- **DATA SECTION**:
::::::::
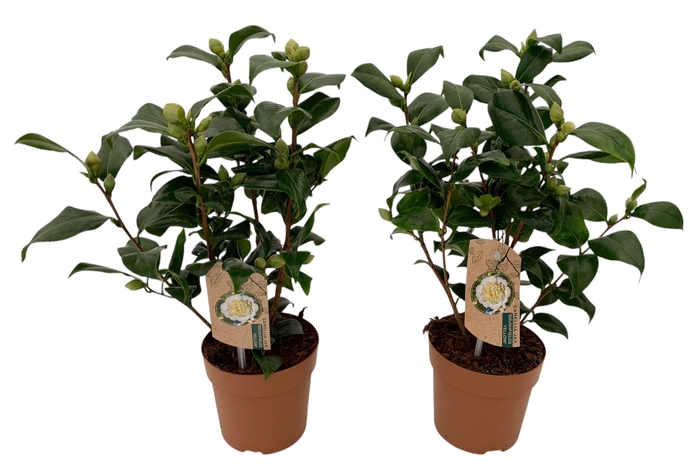 <h4>Camellia japonica 'Brushfield Yell'</h4>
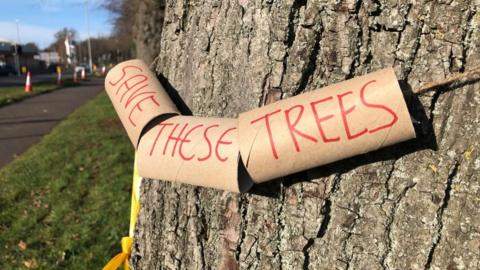 "Save" "These" and "Trees" written in red pen on cardboard tubes tied to a tree trunk by string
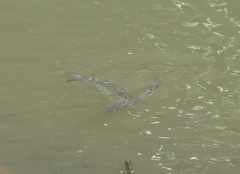 Planiliza subviridis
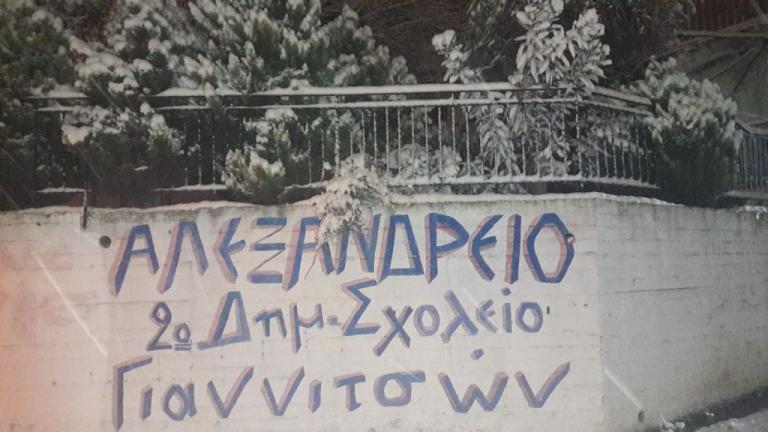 Κοροναϊός : Διευθυντής σχολείου στα Γιαννιτσά τίμησε μόνος του την 25η Μαρτίου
::::::::
- **WHAT TO DO**: Output the material above exactly, without pictures.

- **RESULT**:
 <h4>Camellia japonica 'Brushfield Yell'</h4>
 "Save" "These" and "Trees" written in red pen on cardboard tubes tied to a tree trunk by string
 Planiliza subviridis
 Κοροναϊός : Διευθυντής σχολείου στα Γιαννιτσά τίμησε μόνος του την 25η Μαρτίου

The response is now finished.